In Maayanadhi, Kausalya is a negative example of Casabianca, because she does transgress her father’s wishes by eloping with her boyfriend, and then pays a terrible price for it. Ashok Thiagarajan tries to resurrect the dubious ideal of Casabianca through Kausalya, without much effect.
Proposing a certain moral standard, even if it is problematic, is okay when the writing is engaging, and the hidden hand of the writer manipulating characters and events is not visible. But here, we are arm-twisted into buying into the moral. For instance, Kausalya is shown to be an intelligent and thoughtful person, who appreciates what her father has done for her. She is also capable of taking care of herself. When threatened by a classmate that he would put out her morphed pictured on the Internet if she didn’t love him, she hits back saying she’d do the same. Anbarasan is shown to be an enlightened and generous father. Kausalya even has casual conversations with him about boys. When Senthil (Abhi Saravanan) saves her from a splash of acid by intercepting its path with his auto, she immediately falls for him. Before we know that they’re even interested in each other, we are shown that they are considering eloping. Why is saving someone from danger the definite way to their heart in our films? Why not have the two get to know each other before they think of getting married? Why force it with an acid attack?

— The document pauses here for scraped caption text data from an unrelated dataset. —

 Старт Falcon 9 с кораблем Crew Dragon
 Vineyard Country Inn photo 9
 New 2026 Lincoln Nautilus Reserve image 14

After they fall in love, Senthil and Kausalya have anxieties and minor conflicts that lead them to believe that eloping is their best bet. For the moral of the story to work, at least emotionally, we needed to be shown that the two people are indeed making serious mistakes in their thinking, that they deserve to be punished. But, except for a few dialogues, we don’t really know what they’re thinking. The event that moves Kausalya to elope is unconvincing, and insults the intelligence of both Kausalya and the viewers. When an otherwise reasonable person changes her view, we want to see a plausible reason for it, something better that blaming it on ‘teenage’.
For all its modern veneer and rejection of customary ceremonies associated with puberty and early marriage, the core of the film is regressive, because it artlessly manipulates its events to suggest that terrible consequences await teenagers who go against the wishes of their parents. That might be true in specific situations, but the film vociferously argues for obedience over discretion. There is no debate, no exploration of alternative viewpoints. It is a moral science lesson. Unless you believe that the best comparison for being in love is being stranded on a burning ship, Casabianca is not necessarily a good role model for Kausalya.